Pull every line with "Ngoại" from the data.

Entries taken from a collection
▼▼▼

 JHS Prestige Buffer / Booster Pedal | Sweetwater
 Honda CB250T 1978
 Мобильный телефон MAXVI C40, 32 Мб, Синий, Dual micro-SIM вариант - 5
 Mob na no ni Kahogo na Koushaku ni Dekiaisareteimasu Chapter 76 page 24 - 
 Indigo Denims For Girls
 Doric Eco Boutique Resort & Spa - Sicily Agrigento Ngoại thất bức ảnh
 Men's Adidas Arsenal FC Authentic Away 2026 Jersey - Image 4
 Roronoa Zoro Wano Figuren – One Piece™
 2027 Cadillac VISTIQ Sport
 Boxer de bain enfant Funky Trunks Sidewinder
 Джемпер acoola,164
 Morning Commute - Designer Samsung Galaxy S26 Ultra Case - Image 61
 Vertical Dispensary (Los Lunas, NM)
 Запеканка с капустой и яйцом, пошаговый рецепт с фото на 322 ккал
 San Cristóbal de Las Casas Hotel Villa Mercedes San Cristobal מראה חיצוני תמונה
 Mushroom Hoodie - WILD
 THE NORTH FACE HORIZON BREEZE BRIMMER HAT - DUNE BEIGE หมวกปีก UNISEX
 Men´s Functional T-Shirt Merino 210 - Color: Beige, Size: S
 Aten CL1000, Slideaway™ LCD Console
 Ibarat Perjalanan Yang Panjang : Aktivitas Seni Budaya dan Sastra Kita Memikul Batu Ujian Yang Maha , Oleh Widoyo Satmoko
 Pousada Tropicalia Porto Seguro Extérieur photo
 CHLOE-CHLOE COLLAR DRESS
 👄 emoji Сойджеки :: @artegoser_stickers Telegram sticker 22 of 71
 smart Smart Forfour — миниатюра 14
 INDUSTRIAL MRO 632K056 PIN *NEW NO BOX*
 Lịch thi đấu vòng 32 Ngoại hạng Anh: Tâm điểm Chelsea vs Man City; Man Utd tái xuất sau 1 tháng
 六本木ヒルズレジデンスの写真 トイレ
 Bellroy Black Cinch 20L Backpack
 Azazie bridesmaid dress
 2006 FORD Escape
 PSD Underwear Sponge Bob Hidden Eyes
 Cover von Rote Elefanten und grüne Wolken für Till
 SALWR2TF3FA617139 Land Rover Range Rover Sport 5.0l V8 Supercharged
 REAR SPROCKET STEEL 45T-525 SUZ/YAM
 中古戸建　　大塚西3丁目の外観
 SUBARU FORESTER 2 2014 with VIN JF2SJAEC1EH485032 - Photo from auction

▲▲▲

Response for this exercise:
 Doric Eco Boutique Resort & Spa - Sicily Agrigento Ngoại thất bức ảnh
 Lịch thi đấu vòng 32 Ngoại hạng Anh: Tâm điểm Chelsea vs Man City; Man Utd tái xuất sau 1 tháng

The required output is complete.